Ike Gazaryan’s wife, Yulia, typically answers the phone for their San Diego, Calif. restaurant, Pushkin Russian Restaurant, which serves food from former Soviet republics. But after Russia invaded Ukraine, Gazaryan decided to answer it himself. In the week after the war began, he says, the restaurant received about 15 to 20 abusive phone calls.
He didn’t pay much attention to the first few calls, which he attributed to kids messing around, but then some of the calls seemed to threaten violence. “We started getting more serious calls, with people yelling and screaming at us,” says Gazaryan, who is ethnically Armenian but has lived in Russia. “As if we have something to do with this war, blaming us for what the Putin regime is doing. We had people calling, saying, they’re going to blow sh-t up.” His wife Yulia has borne the brunt of these calls, Gazaryan says. “I had to take the phone, because I don’t want people screaming at her.”
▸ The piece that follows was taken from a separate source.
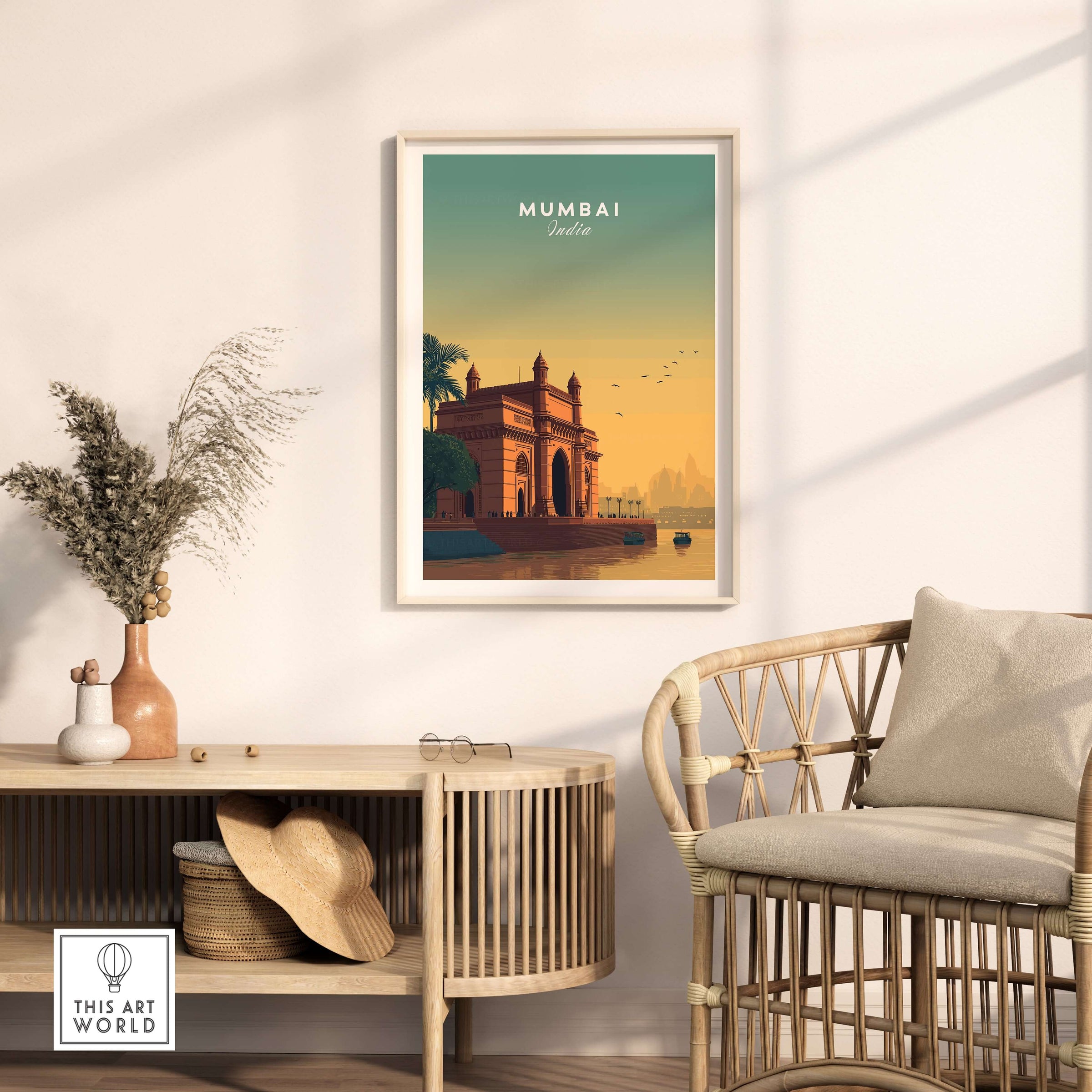 Mumbai India Gateway of India Sunset Poster - Mumbai Landmark Wall Art displayed in a stylish interior setting.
Since the start of the Russian invasion, people around the world have expressed their solidarity with the Ukrainian people by giving to humanitarian charities, corporate boycotts, and in-person protests. However, others have directed their ire toward anything they deem to be associated with Russia, or its people. In some cases, these protests have seemed harmless, or even silly—for instance, the International European Tree of the Year contest eliminated Russian trees from consideration. Russian cultural exports have become another target, with cancellations of performances by the Russian State Ballet of Siberia, the Royal Moscow Ballet company and the Bolshoi Ballet in the U.K. In other cases, the rhetoric has been more clearly discriminatory, such as member of Congress Eric Swalwell arguing for “kicking every Russian student out of the United States” and British lawmaker Roger Gale arguing that all Russians living in the country should be “sent home.”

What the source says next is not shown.